**PROBLEM REQUIREMENTS**
Copy the records below in full and leave every image out of the copy.

**THE INPUT**
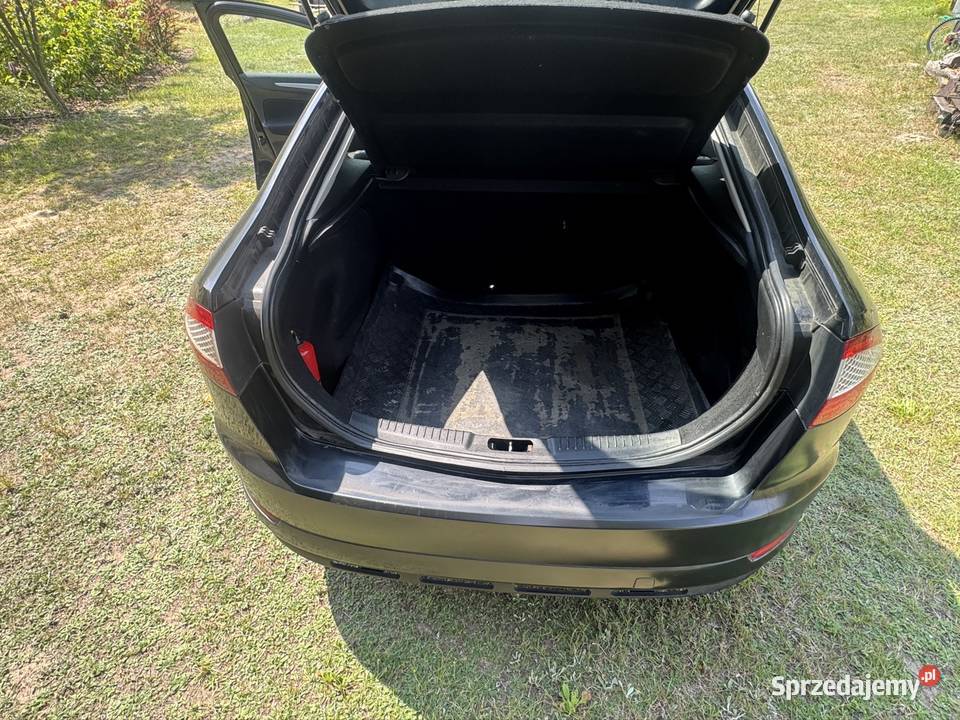Ford Mondeo mk4 20 tdci automat czujnik zmierzchu Niedźwiedziny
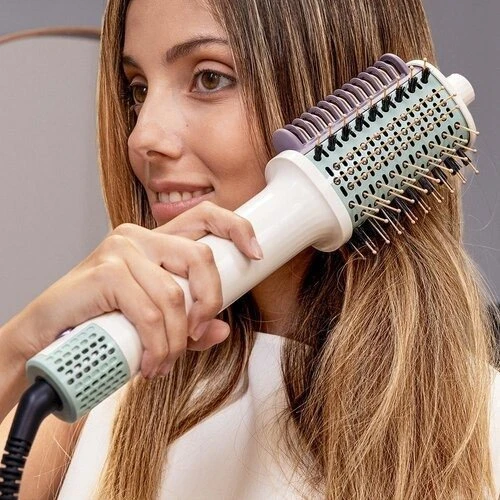 Modeliavimo šepetys Cecotec CeramicCare Allin1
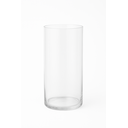 Ver imagem 6 de Vaso Decorativo Transparente de Melamina Antiquebra Tamanho:15x15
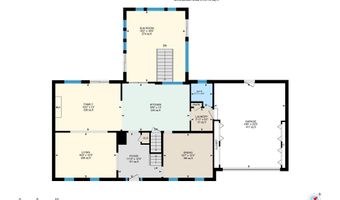 11718 BACKUS Dr, Bowie, MD 20720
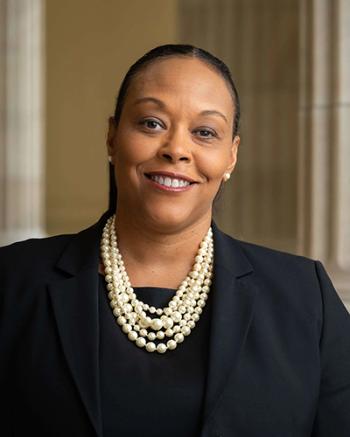 Kimberly McClain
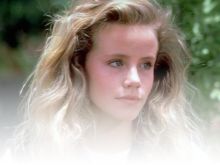 Amanda Peterson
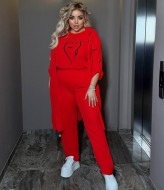 Костюм-трійка VL-765A850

**ANSWER SPACE**
Ford Mondeo mk4 20 tdci automat czujnik zmierzchu Niedźwiedziny
 Modeliavimo šepetys Cecotec CeramicCare Allin1
 Ver imagem 6 de Vaso Decorativo Transparente de Melamina Antiquebra Tamanho:15x15
 11718 BACKUS Dr, Bowie, MD 20720
 Kimberly McClain
 Amanda Peterson
 Костюм-трійка VL-765A850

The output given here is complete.